As a ‘very much older than teen’ YA reader I have enjoyed reading books that reflect my experiences of school. We don’t have prom or cliques in the same way as the US so there are some experiences in US YA books that I have found it tricky to relate to. However, Dawn O’Porter’s Paper Aeroplanes, published last year is set in the mid 1990s and was a book that I could directly relate to. I’m looking forward to her follow up Goose.
The quintessential teen angst books were the Adrian Mole series, the first of which was published in 1982 when I was four. Last week sadly their author Sue Townsend passed away – Below is a picture of my collection and I’ve just discovered there are even more that I can read in Sue’s memory.
I’ve already raved about Holly Smale the author of the Geek Girl series which I’m so excited has been extended, so instead of the initial three books we’ve been promised we are to get five or even six tales of Harriet Manners Geek turned model. Here are links to my reviews of the first two books of the series. Geek Girl and Model Misfit.
Horror/Thriller wise I’d recommend James Dawson – I read three of his books back to back last summer – Hollow Pike, Cruel Summer and a very welcome non-fiction book Being a Boy. I am anxiously awaiting the publication of his next book Say Her Name which is based on the Bloody Mary Urban Legend that had me petrified as a schoolgirl. I will need to save that one for a sunny day.
Other reads I’ve read and can recommend:
Fearsome Dreamer by Lauré Eve
Maggot Moon by Sally Gardner
Gemini Rising by Eleanor Wood (reviewed here)
Reads I’m looking forward to from my TBR pile:
Acid by Emma Pass
Ketchup Clouds by Annabel Pitcher
Lexiland by Suzi Moore
The Savages by Matt Whyman
Slated series by Terri Terry
Code Name Verity and Rose Under Fire by Elizabeth Wein
I have booked my ticket for YALC – the Young Adult Literature Convention this July. Just check out the list of authors that will be there – http://www.childrenslaureate.org.uk/yalc/. Even more UKYA to find (although I’m aware we have some international authors coming too).
As an aspiring UKYA author I have to say that Lucy’s work to bring all of this together today has been inspiring and certainly helps with the hope that there is a market for a range of UKYA genres – now I just need to finish my books.

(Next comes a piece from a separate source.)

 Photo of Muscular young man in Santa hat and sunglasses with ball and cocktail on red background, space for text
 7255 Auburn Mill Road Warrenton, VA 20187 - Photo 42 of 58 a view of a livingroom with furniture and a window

One thing I must complain about though is that following all these UKYA bloggers and authors on twitter has really expanded my TBR piles! Avoid the hashtag on twitter if you are already in danger of being crushed by your pile? But just in case you think you can balance a few more check out #ukyaday #ukya or #ukyachat. And if you have any recommendations for me then please post them below.